Excerpts from a dataset
- - - -
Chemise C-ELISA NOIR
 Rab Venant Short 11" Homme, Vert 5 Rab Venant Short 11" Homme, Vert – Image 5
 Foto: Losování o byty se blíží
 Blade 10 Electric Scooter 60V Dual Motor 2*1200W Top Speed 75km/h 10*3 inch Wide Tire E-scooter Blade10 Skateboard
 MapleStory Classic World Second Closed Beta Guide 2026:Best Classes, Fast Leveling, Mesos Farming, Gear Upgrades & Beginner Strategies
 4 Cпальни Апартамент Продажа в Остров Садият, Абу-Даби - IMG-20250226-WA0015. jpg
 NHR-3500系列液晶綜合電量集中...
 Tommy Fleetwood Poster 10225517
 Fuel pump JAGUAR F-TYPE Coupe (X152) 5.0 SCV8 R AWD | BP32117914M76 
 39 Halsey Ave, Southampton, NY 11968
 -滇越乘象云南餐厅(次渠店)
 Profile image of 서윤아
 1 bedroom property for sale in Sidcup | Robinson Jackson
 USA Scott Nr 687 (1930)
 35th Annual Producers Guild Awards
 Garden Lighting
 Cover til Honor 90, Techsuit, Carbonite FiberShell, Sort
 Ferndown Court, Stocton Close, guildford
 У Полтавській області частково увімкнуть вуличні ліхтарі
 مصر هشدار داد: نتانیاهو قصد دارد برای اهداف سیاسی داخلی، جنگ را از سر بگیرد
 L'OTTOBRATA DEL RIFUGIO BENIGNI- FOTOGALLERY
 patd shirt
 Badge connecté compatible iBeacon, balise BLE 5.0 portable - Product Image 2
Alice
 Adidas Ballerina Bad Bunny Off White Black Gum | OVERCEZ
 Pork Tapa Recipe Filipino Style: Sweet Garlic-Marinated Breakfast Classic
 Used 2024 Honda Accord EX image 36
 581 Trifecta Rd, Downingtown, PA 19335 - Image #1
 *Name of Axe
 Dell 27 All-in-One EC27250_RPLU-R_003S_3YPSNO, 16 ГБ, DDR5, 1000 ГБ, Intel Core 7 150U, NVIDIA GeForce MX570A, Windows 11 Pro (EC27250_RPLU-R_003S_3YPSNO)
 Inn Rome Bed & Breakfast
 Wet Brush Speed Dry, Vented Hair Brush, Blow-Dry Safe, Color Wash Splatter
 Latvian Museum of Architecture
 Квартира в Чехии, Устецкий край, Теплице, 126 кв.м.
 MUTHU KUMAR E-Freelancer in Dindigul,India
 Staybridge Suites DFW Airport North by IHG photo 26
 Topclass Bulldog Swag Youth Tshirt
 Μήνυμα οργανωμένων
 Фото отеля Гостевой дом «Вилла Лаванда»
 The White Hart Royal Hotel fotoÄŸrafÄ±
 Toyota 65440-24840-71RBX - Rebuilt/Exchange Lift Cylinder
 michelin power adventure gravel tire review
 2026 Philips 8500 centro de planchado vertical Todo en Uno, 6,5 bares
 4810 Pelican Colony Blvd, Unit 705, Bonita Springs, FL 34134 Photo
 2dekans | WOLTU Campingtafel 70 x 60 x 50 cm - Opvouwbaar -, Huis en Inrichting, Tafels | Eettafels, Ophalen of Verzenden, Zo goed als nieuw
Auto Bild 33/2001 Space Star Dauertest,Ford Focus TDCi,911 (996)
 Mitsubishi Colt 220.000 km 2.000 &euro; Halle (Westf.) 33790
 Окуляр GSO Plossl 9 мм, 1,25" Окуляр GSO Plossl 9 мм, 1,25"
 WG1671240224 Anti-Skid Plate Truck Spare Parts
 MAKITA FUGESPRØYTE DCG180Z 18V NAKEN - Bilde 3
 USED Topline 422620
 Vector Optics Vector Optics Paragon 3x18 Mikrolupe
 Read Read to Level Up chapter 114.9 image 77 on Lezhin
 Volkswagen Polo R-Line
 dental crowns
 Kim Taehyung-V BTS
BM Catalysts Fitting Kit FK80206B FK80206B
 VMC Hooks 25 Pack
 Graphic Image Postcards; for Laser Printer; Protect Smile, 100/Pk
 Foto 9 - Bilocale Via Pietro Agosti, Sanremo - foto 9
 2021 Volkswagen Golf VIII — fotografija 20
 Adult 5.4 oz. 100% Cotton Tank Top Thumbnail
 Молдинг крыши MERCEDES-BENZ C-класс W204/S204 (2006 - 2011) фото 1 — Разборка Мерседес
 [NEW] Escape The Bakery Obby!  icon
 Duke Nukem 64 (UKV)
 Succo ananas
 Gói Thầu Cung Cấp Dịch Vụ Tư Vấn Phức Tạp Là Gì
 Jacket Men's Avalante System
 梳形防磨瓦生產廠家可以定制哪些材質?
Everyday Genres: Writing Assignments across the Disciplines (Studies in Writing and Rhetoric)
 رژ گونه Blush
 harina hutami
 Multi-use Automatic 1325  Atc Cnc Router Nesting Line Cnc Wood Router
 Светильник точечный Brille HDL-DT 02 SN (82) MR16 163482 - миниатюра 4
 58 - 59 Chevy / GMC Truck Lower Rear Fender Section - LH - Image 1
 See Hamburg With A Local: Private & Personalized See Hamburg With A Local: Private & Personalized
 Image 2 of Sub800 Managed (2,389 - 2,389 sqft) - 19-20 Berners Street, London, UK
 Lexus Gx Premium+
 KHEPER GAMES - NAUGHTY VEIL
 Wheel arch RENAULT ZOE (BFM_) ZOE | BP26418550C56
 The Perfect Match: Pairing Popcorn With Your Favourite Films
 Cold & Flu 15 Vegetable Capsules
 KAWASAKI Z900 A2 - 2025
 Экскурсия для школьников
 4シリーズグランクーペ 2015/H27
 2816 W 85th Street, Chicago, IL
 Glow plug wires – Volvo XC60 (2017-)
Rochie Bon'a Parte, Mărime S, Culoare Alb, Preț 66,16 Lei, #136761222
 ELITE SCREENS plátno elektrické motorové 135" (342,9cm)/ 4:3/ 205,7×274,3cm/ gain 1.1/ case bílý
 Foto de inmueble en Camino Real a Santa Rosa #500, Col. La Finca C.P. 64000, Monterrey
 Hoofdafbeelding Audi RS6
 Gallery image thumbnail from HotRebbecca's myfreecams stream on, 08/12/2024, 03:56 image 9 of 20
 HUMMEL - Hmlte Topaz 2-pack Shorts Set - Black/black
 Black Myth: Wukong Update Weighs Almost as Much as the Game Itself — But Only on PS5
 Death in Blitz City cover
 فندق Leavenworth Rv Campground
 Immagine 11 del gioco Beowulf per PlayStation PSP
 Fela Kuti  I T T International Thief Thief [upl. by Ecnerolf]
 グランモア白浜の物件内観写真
- - - -
Exercise
Restate the records above word for word, omitting nothing.

Solution
Chemise C-ELISA NOIR
 Rab Venant Short 11" Homme, Vert 5 Rab Venant Short 11" Homme, Vert – Image 5
 Foto: Losování o byty se blíží
 Blade 10 Electric Scooter 60V Dual Motor 2*1200W Top Speed 75km/h 10*3 inch Wide Tire E-scooter Blade10 Skateboard
 MapleStory Classic World Second Closed Beta Guide 2026:Best Classes, Fast Leveling, Mesos Farming, Gear Upgrades & Beginner Strategies
 4 Cпальни Апартамент Продажа в Остров Садият, Абу-Даби - IMG-20250226-WA0015. jpg
 NHR-3500系列液晶綜合電量集中...
 Tommy Fleetwood Poster 10225517
 Fuel pump JAGUAR F-TYPE Coupe (X152) 5.0 SCV8 R AWD | BP32117914M76 
 39 Halsey Ave, Southampton, NY 11968
 -滇越乘象云南餐厅(次渠店)
 Profile image of 서윤아
 1 bedroom property for sale in Sidcup | Robinson Jackson
 USA Scott Nr 687 (1930)
 35th Annual Producers Guild Awards
 Garden Lighting
 Cover til Honor 90, Techsuit, Carbonite FiberShell, Sort
 Ferndown Court, Stocton Close, guildford
 У Полтавській області частково увімкнуть вуличні ліхтарі
 مصر هشدار داد: نتانیاهو قصد دارد برای اهداف سیاسی داخلی، جنگ را از سر بگیرد
 L'OTTOBRATA DEL RIFUGIO BENIGNI- FOTOGALLERY
 patd shirt
 Badge connecté compatible iBeacon, balise BLE 5.0 portable - Product Image 2
Alice
 Adidas Ballerina Bad Bunny Off White Black Gum | OVERCEZ
 Pork Tapa Recipe Filipino Style: Sweet Garlic-Marinated Breakfast Classic
 Used 2024 Honda Accord EX image 36
 581 Trifecta Rd, Downingtown, PA 19335 - Image #1
 *Name of Axe
 Dell 27 All-in-One EC27250_RPLU-R_003S_3YPSNO, 16 ГБ, DDR5, 1000 ГБ, Intel Core 7 150U, NVIDIA GeForce MX570A, Windows 11 Pro (EC27250_RPLU-R_003S_3YPSNO)
 Inn Rome Bed & Breakfast
 Wet Brush Speed Dry, Vented Hair Brush, Blow-Dry Safe, Color Wash Splatter
 Latvian Museum of Architecture
 Квартира в Чехии, Устецкий край, Теплице, 126 кв.м.
 MUTHU KUMAR E-Freelancer in Dindigul,India
 Staybridge Suites DFW Airport North by IHG photo 26
 Topclass Bulldog Swag Youth Tshirt
 Μήνυμα οργανωμένων
 Фото отеля Гостевой дом «Вилла Лаванда»
 The White Hart Royal Hotel fotoÄŸrafÄ±
 Toyota 65440-24840-71RBX - Rebuilt/Exchange Lift Cylinder
 michelin power adventure gravel tire review
 2026 Philips 8500 centro de planchado vertical Todo en Uno, 6,5 bares
 4810 Pelican Colony Blvd, Unit 705, Bonita Springs, FL 34134 Photo
 2dekans | WOLTU Campingtafel 70 x 60 x 50 cm - Opvouwbaar -, Huis en Inrichting, Tafels | Eettafels, Ophalen of Verzenden, Zo goed als nieuw
Auto Bild 33/2001 Space Star Dauertest,Ford Focus TDCi,911 (996)
 Mitsubishi Colt 220.000 km 2.000 &euro; Halle (Westf.) 33790
 Окуляр GSO Plossl 9 мм, 1,25" Окуляр GSO Plossl 9 мм, 1,25"
 WG1671240224 Anti-Skid Plate Truck Spare Parts
 MAKITA FUGESPRØYTE DCG180Z 18V NAKEN - Bilde 3
 USED Topline 422620
 Vector Optics Vector Optics Paragon 3x18 Mikrolupe
 Read Read to Level Up chapter 114.9 image 77 on Lezhin
 Volkswagen Polo R-Line
 dental crowns
 Kim Taehyung-V BTS
BM Catalysts Fitting Kit FK80206B FK80206B
 VMC Hooks 25 Pack
 Graphic Image Postcards; for Laser Printer; Protect Smile, 100/Pk
 Foto 9 - Bilocale Via Pietro Agosti, Sanremo - foto 9
 2021 Volkswagen Golf VIII — fotografija 20
 Adult 5.4 oz. 100% Cotton Tank Top Thumbnail
 Молдинг крыши MERCEDES-BENZ C-класс W204/S204 (2006 - 2011) фото 1 — Разборка Мерседес
 [NEW] Escape The Bakery Obby!  icon
 Duke Nukem 64 (UKV)
 Succo ananas
 Gói Thầu Cung Cấp Dịch Vụ Tư Vấn Phức Tạp Là Gì
 Jacket Men's Avalante System
 梳形防磨瓦生產廠家可以定制哪些材質?
Everyday Genres: Writing Assignments across the Disciplines (Studies in Writing and Rhetoric)
 رژ گونه Blush
 harina hutami
 Multi-use Automatic 1325  Atc Cnc Router Nesting Line Cnc Wood Router
 Светильник точечный Brille HDL-DT 02 SN (82) MR16 163482 - миниатюра 4
 58 - 59 Chevy / GMC Truck Lower Rear Fender Section - LH - Image 1
 See Hamburg With A Local: Private & Personalized See Hamburg With A Local: Private & Personalized
 Image 2 of Sub800 Managed (2,389 - 2,389 sqft) - 19-20 Berners Street, London, UK
 Lexus Gx Premium+
 KHEPER GAMES - NAUGHTY VEIL
 Wheel arch RENAULT ZOE (BFM_) ZOE | BP26418550C56
 The Perfect Match: Pairing Popcorn With Your Favourite Films
 Cold & Flu 15 Vegetable Capsules
 KAWASAKI Z900 A2 - 2025
 Экскурсия для школьников
 4シリーズグランクーペ 2015/H27
 2816 W 85th Street, Chicago, IL
 Glow plug wires – Volvo XC60 (2017-)
Rochie Bon'a Parte, Mărime S, Culoare Alb, Preț 66,16 Lei, #136761222
 ELITE SCREENS plátno elektrické motorové 135" (342,9cm)/ 4:3/ 205,7×274,3cm/ gain 1.1/ case bílý
 Foto de inmueble en Camino Real a Santa Rosa #500, Col. La Finca C.P. 64000, Monterrey
 Hoofdafbeelding Audi RS6
 Gallery image thumbnail from HotRebbecca's myfreecams stream on, 08/12/2024, 03:56 image 9 of 20
 HUMMEL - Hmlte Topaz 2-pack Shorts Set - Black/black
 Black Myth: Wukong Update Weighs Almost as Much as the Game Itself — But Only on PS5
 Death in Blitz City cover
 فندق Leavenworth Rv Campground
 Immagine 11 del gioco Beowulf per PlayStation PSP
 Fela Kuti  I T T International Thief Thief [upl. by Ecnerolf]
 グランモア白浜の物件内観写真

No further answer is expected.